5. Long-Term Obligations
Convertible Notes
In August 2012, we completed a $201.3 million convertible debt offering, which raised net proceeds of approximately $194.7 million, after deducting $6.6 million in issuance costs. The $201.3 million convertible senior notes mature in 2019 and bear interest at 2¾ percent, which is payable semi-annually in arrears on April 1 and October 1 of each year. We are amortizing the debt issuance costs to interest expense over the life of the debt, or seven years.
The 2¾ percent notes are convertible, at the option of the note holders prior to July 1, 2019 only under certain conditions. On or after July 1, 2019, the notes are initially convertible into approximately 12.1 million shares of common stock at a conversion price of approximately $16.63 per share. We will settle conversions of the notes, at our election, in cash, shares of our common stock or a combination of both. We can redeem the 2¾ percent notes at our option, in whole or in part, on or after October 5, 2016 if the last reported sale price of our common stock for at least 20 trading days (whether or not consecutive) during the period of 30 consecutive trading days ending on the trading day immediately preceding the date we provide the redemption notice exceeds 130 percent of the applicable conversion price for the 2¾ percent notes on each such day. The redemption price for the 2¾ percent notes will equal 100 percent of the principal amount being redeemed, plus accrued and unpaid interest, plus $90 per each $1,000 principal amount being redeemed. Holders of the 2¾ percent notes may require us to purchase some or all of their notes upon the occurrence of certain fundamental changes, as set forth in the indenture governing these notes, at a purchase price equal to 100 percent of the principal amount of the notes to be purchased, plus accrued and unpaid interest.

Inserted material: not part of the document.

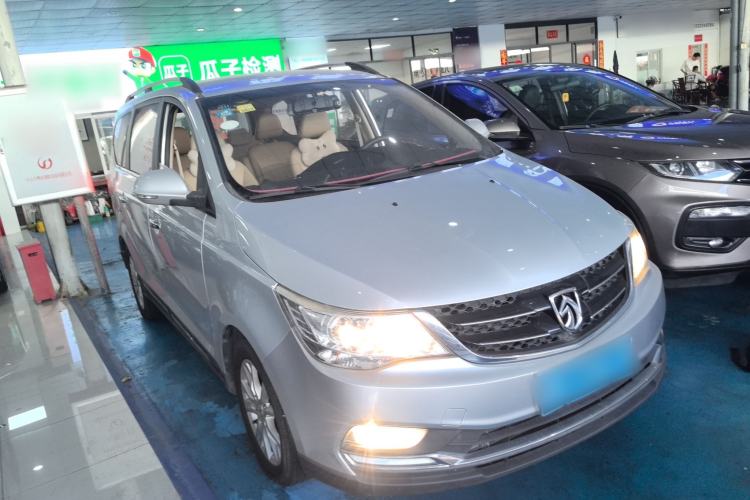 Used Baojun 730 2016 1.5T Manual Comfort Version 7 Seats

We account for the 2¾ percent notes using an accounting standard that requires us to assign a value to our convertible debt equal to the estimated fair value of a similar debt instrument without the conversion feature, which results in us recording our convertible debt at a discount. We are amortizing the resulting debt discount over the expected life of the debt, or seven years, as additional non-cash interest expense. Using a combination of the present value of the debt’s cash flows and a Black-Scholes valuation model, we determined that our nonconvertible debt borrowing rate for the 2¾ percent notes was 8 percent. Interest expense for the nine months ended September 30, 2012 included $894,000 of non-cash interest expense related to the amortization of the debt discount and debt issuance costs.

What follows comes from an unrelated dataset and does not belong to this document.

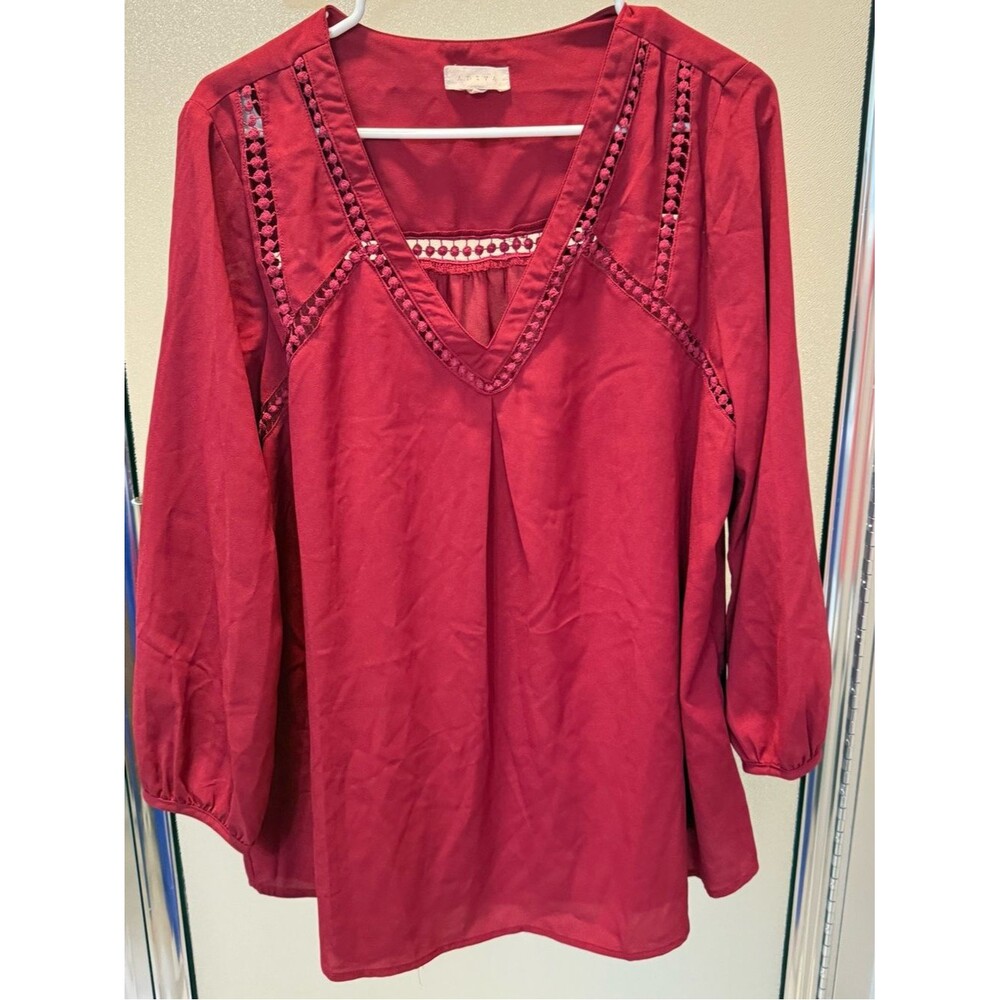 Adiva NWOT Beautiful blouse XL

We used a substantial portion of the net proceeds from the issuance of the 2¾ percent notes to repurchase our 25¤8 percent convertible subordinated notes. In September 2012, we redeemed the entire $162.5 million in principal of our 25¤8 percent notes at a price of $164.0 million including accrued interest. As a result of the redemption, we recognized a $4.8 million loss. A significant portion of the loss, or $3.6 million, was non-cash and related to the unamortized debt discount and debt issuance costs and the remainder was related to a $1.2 million early redemption premium we paid to the holders of the 25/8 percent notes.
Equipment Financing Arrangement
In October 2008, we entered into a loan agreement related to an equipment financing and in September 2009 and June 2012, we amended the loan agreement to increase the aggregate maximum amount of principal we could draw under the agreement. Each draw down under the loan agreement has a term of three years, with principal and interest payable monthly. Interest on amounts we borrow under the loan agreement is based upon the three year interest rate swap at the time we make each draw down plus 3.5 or four percent, depending on the date of the draw. We are using the equipment purchased under the loan agreement as collateral. In June 2012, we drew down $9.1 million in principal under the loan agreement at an interest rate of 4.12 percent. As of September 30, 2012, we had drawn down $27.4 million in principal under this loan agreement at a weighted average interest rate of 5.51 percent and we can borrow up to an additional $6.0 million in principal to finance the purchase of equipment until April 2014. The carrying balance under this loan agreement at September 30, 2012 and December 31, 2011 was $11.3 million and $5.3 million, respectively. We will continue to use equipment lease financing as long as the terms remain commercially attractive.